Uno spettacolo che riflette sull’invadenza della tecnologia nelle relazioni umane, rovinato — almeno in parte — proprio dalla tecnologia stessa. È questo il grande paradosso che ha accompagnato Perfetti Sconosciuti, lo spettacolo firmato da Paolo Genovese andato in scena con due repliche sold out al Teatro Pirandello di Agrigento.
Sul palco, una tavola imbandita e sette amici che decidono, per gioco, di mettere i propri smartphone sul tavolo e condividere pubblicamente ogni messaggio o telefonata ricevuta. Un’idea tanto semplice quanto dirompente, che nel film ha conquistato il mondo e che in teatro diventa materia viva, tra sguardi, silenzi, tensioni ed emozioni autentiche.
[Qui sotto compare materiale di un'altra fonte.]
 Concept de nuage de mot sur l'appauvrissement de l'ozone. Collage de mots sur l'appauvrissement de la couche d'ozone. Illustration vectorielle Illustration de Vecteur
Peccato, però, che qualcuno in platea abbia deciso di giocare una partita tutta sua, più interessato allo schermo del proprio cellulare che alla magia del palcoscenico. Notifiche, display che si illuminano, scroll nervosi, video registrati di nascosto. Tutto mentre, in scena, si racconta l’esatto opposto: il bisogno di autenticità, il valore del non detto, la violenza della condivisione forzata.
Un gesto di distrazione? Forse. Ma anche una grave mancanza di rispetto verso chi è sul palco, verso chi ha pagato un biglietto per assistere in silenzio, verso l’arte in sé. Perché gli attori vedono tutto. Anche dal palco. E no, non sempre fanno finta di niente. Anzi, spesso restano infastiditi, deconcentrati, colpiti da quella luce blu che spezza la quarta parete con una crudeltà disarmante.
Il teatro è un patto. Un’intesa silenziosa tra chi racconta e chi ascolta. E in questo patto il cellulare non è previsto. Perfetti Sconosciuti ci ha ricordato quanto possa essere pericolosa una notifica fuori posto. Ma, evidentemente, qualcuno non lo ha capito nemmeno dopo due ore di grande teatro.
Un applauso, allora, alla compagnia — Dino Abbrescia, Emmanuele Aita, Alice Bertini, Paolo Briguglia, Paolo Calabresi, Lorenza Indovina e Valeria Solarino — capace di regalare due serate di altissimo livello. E un invito — questa volta senza ironia — a lasciare il cellulare in tasca. Per rispetto. Per amore del teatro. Per non essere, ancora una volta, dei perfetti sconosciuti… a se stessi.